Le gouvernement canadien ne risque guère de susciter l'indignation populaire au pays en refusant de fournir des armes aux rebelles syriens engagés dans une lutte sanglante avec le régime de Bachar al-Assad.

Un sondage produit par la firme torontoise Forum Research indique que moins d'un Canadien sur cinq est favorable à une telle initiative alors que les discussions à ce sujet vont bon train parmi les États soutenant le soulèvement.
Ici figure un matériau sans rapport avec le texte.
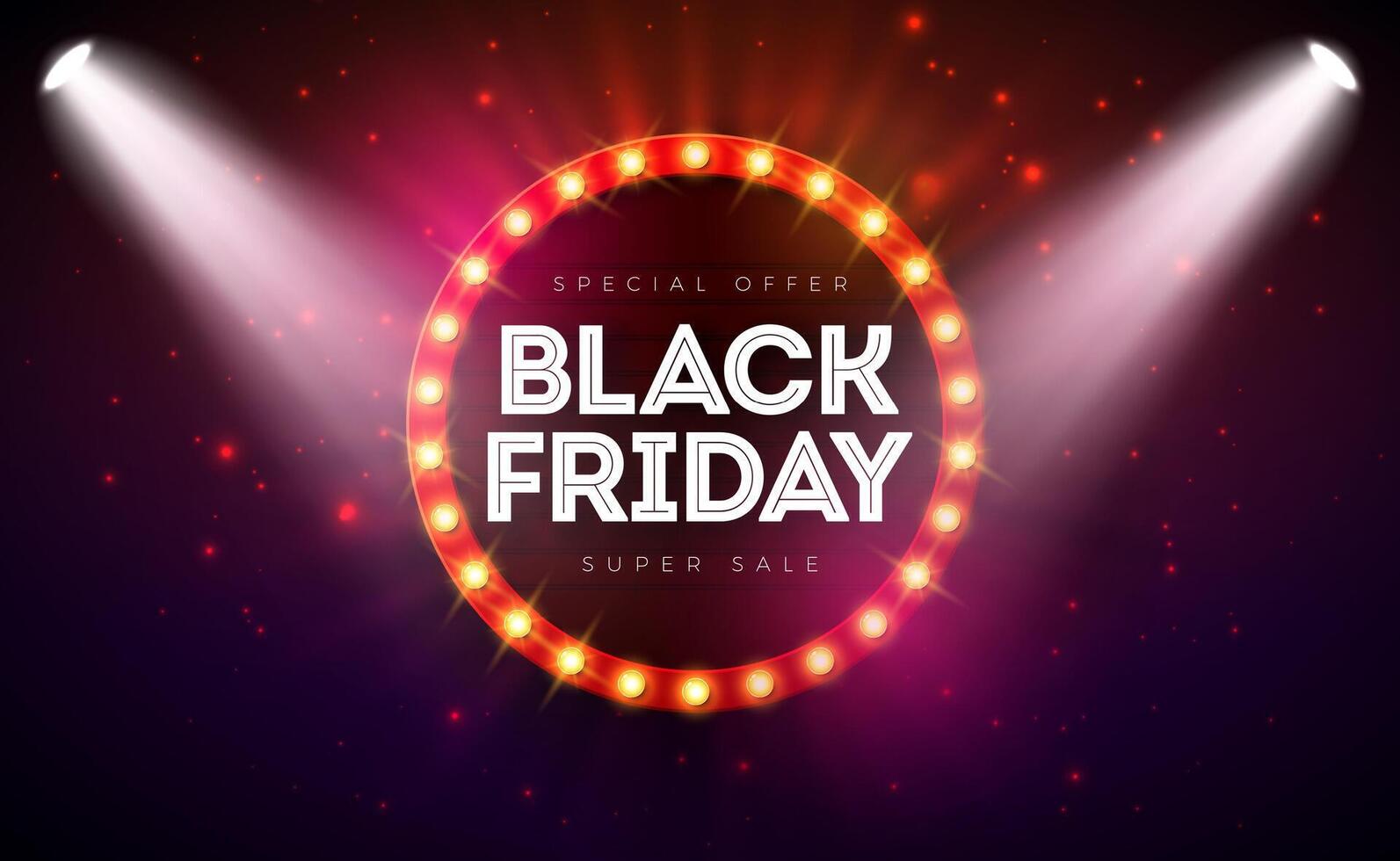 Black Friday Sale Illustration with Glowing Light Bulb Billboard on Dark Background. New Year and Christmas Design Template for Greeting Card, Flyer, Banner, Celebration Poster or Party vector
«Il n'y a aucun intérêt ici pour que le Canada accorde un tel soutien aux rebelles syriens, quelle que soit la région ou l'allégeance politique que l'on considère», souligne en entrevue le président de l'entreprise, LorneBozinoff.

Seuls 18 % des Canadiens pensent qu'Ottawa devrait envoyer des armes aux opposants de Damas alors que 60 % rejettent carrément l'idée et 22 % affirment ne pas avoir de point de vue à ce sujet. À l'échelle du pays, le pourcentage de personnes opposées à une telle mesure varie de 57 % à 71 %.

Quelque 16 % des partisans conservateurs sont d'accord avec la livraison d'armes. Le pourcentage monte à 20 % chez les néo-démocrates et à 24 % chez les verts.

Un lointain conflit

Le bilan du conflit syrien, qui a fait au moins 93 000 morts depuis mars 2011 selon les Nations unies, ne semble pas perturber outre mesure la population.

«Ce n'est pas très réjouissant de le dire, mais il est loin d'être clair que beaucoup de gens sont au courant de ces faits», indique M. Bozinoff, qui voit dans le résultat du sondage une illustration de l'indifférence relative des Canadiens envers les affaires internationales.

«Je pense que la Syrie est un pays auquel nombre de Canadiens ne pensent pas très souvent», estime le représentant de Forum Research.

La firme, qui a sondé 1525 personnes âgées de 18 ans et plus en milieu de semaine, n'a pas posé de questions visant à préciser les raisons de l'opposition de la population.

Houchang Hassan-Yari, spécialiste des relations internationales au Collège militaire royal du Canada, est aussi d'avis que le sondage reflète le fait que les Canadiens ne «s'intéressent pas» aux affaires internationales.

Non-ingérence du gouvernement

Mis à part pour Israël, le gouvernement actuel s'investit peu diplomatiquement au Moyen-Orient, note l'analyste. Il ne s'étonne pas dans ce contexte qu'Ottawa se soit contenté jusqu'à maintenant de fournir de l'aide humanitaire aux réfugiés syriens.

Un envoi d'armes ne figure pas dans les projets d'Ottawa même si les États-Unis et divers pays européens s'engagent dans cette voie.

«Lorsque l'Union européenne a annoncé [à la fin du mois de mai] la levée de l'embargo sur l'envoi d'armes à la Syrie, le Canada a dénoncé la décision en affirmant qu'elle aurait pour effet d'envenimer la situation», note M. Hassan-Yari, qui insiste sur l'importance du déséquilibre des forces entre les rebelles et le régime.

Les atermoiements des pays occidentaux dans le dossier s'expliquent en partie par l'opposition de la Russie, qui continue de soutenir le régime de Bachar al-Assad avec détermination.

La semaine dernière, le président russe Vladimir Poutine a souligné qu'il fallait s'abstenir d'appuyer des combattants qui «ouvrent les cadavres de leurs victimes pour manger leurs entrailles». Il faisait apparemment référence à une vidéo montrant un rebelle mordant dans un morceau de chair tiré du cadavre d'un soldat syrien.

Le sondage canadien paraît à la veille de la tenue d'un sommet important à Doha, au Qatar, des pays «amis de la Syrie» pour coordonner l'aide apportée à la rébellion.

Un porte-parole de l'Armée syrienne libre, principale force d'opposition, a indiqué à l'Agence France-Presse que les rebelles s'attendaient à ce que la décision de les armer soit officiellement annoncée aujourd'hui.

Les températures estivales élevées en Syrie, accompagnées de conditions d'hygiène passablement dégradées, risquent de mettre à mal la santé de quelque 4 millions d'enfants affectés par le conflit, a averti hier l'ONU. Les températures cet été en Syrie devraient se situer entre les 40 et 50°C, a expliqué une porte-parole du Fonds des Nations unies pour l'enfance (Unicef), Marixie Mercado. Or, l'eau potable s'est largement raréfiée depuis le début du conflit, a-t-elle dit. Sans compter que les 4,25 millions de Syriens déplacés dans leur pays vivent dans des abris surpeuplés.